++++ Input

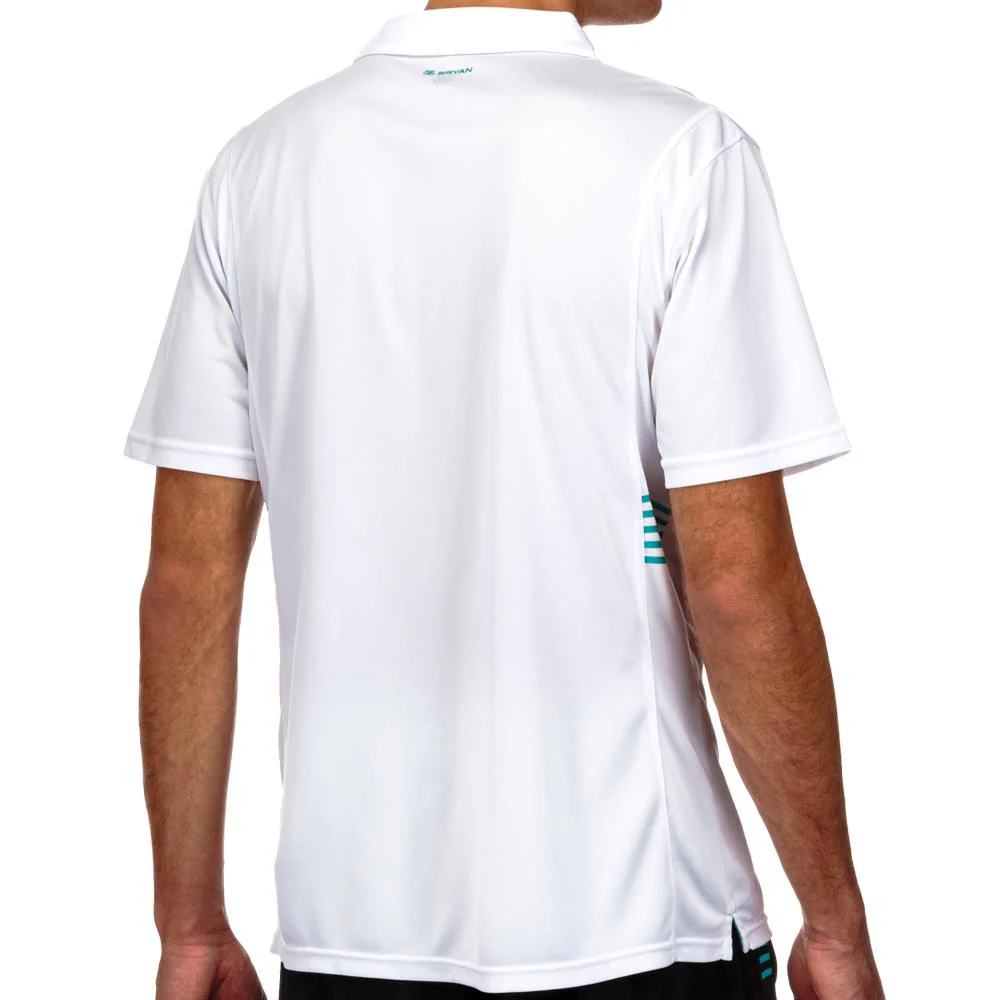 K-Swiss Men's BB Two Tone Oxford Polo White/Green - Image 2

++++++++
++++ Input

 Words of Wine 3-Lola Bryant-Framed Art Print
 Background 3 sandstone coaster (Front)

++++++++
++++ Input

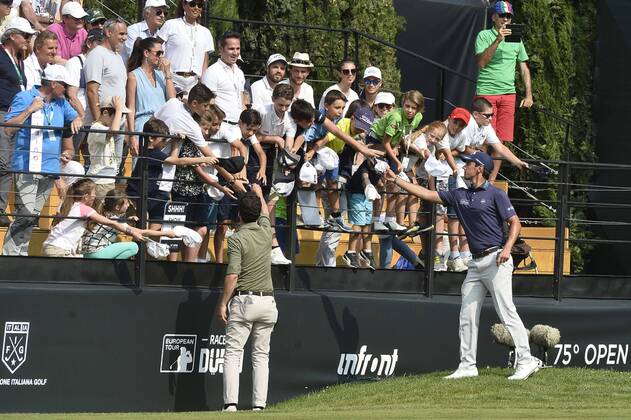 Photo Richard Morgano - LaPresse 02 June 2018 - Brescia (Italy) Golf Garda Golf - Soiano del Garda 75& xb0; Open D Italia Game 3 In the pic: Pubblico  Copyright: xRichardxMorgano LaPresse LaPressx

++++++++

[About this exercise]: Transcribe each line of the data above, unaltered, from the one where "Words of Wine 3-Lola Bryant-Framed Art Print" appears to the one where "Background 3 sandstone coaster (Front)" appears, inclusive of both.

[Answer to this task]:
 Words of Wine 3-Lola Bryant-Framed Art Print
 Background 3 sandstone coaster (Front)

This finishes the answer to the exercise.